**TASK BRIEF:**
Going down the listing below, print exactly each line from the one with "Une interface de" up to and including the one with "Cocky Rooster Artwork", and skip the rest.

**LISTED RECORDS:**
______
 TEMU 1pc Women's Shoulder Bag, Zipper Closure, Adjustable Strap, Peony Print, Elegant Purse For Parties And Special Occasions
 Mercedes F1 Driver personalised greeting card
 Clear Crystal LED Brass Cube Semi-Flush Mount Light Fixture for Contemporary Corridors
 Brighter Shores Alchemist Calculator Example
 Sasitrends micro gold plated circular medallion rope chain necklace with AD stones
______
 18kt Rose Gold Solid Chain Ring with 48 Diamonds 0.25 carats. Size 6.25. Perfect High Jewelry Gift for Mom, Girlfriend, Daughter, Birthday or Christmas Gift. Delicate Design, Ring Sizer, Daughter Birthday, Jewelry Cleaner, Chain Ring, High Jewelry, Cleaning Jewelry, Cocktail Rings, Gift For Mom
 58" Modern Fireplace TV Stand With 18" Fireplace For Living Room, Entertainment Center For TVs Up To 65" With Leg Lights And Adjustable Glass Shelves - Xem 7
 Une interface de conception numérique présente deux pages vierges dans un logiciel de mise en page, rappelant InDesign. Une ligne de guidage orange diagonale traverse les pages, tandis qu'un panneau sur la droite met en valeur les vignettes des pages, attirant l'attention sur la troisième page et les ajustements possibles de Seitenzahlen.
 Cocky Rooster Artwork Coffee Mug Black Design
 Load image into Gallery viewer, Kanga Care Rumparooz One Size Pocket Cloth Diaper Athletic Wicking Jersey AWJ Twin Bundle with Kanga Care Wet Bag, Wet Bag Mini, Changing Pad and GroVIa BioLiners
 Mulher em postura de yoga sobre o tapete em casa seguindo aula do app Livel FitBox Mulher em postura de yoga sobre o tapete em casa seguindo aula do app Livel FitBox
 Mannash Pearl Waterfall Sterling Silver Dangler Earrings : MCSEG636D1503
______
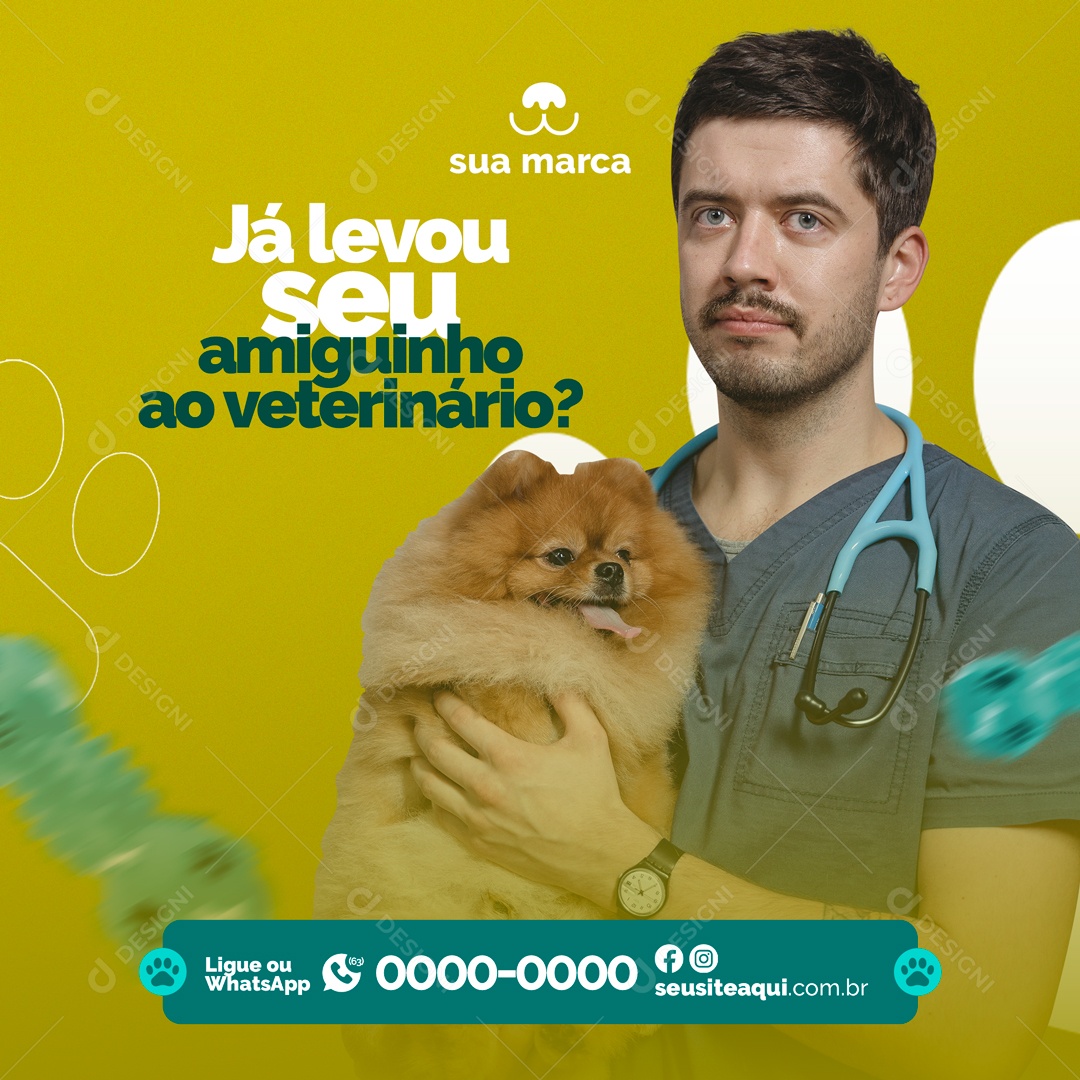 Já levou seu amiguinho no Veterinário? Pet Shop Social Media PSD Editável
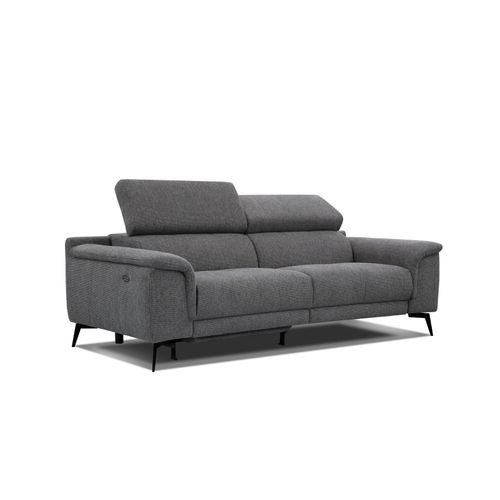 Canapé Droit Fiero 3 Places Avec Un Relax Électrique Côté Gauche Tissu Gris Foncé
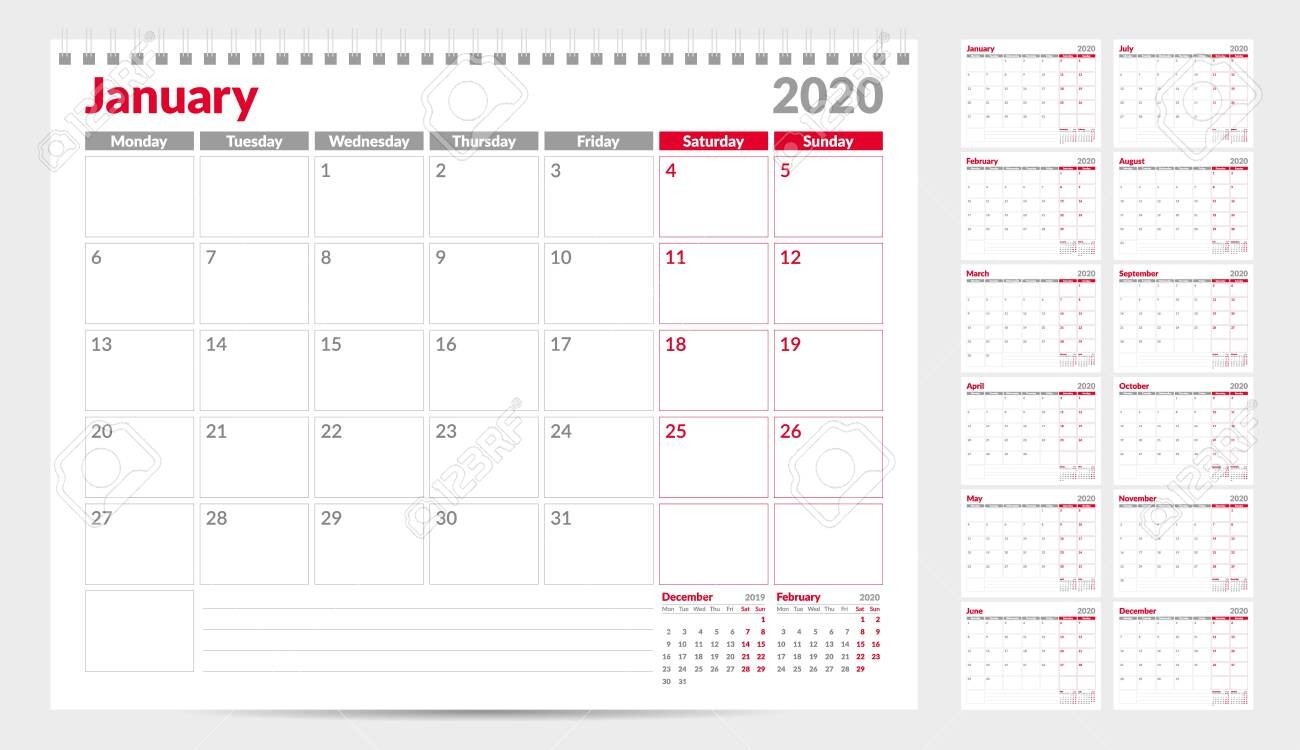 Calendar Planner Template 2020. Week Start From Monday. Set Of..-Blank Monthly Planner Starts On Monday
______
**THE COMPLETED TASK:**
 Une interface de conception numérique présente deux pages vierges dans un logiciel de mise en page, rappelant InDesign. Une ligne de guidage orange diagonale traverse les pages, tandis qu'un panneau sur la droite met en valeur les vignettes des pages, attirant l'attention sur la troisième page et les ajustements possibles de Seitenzahlen.
 Cocky Rooster Artwork Coffee Mug Black Design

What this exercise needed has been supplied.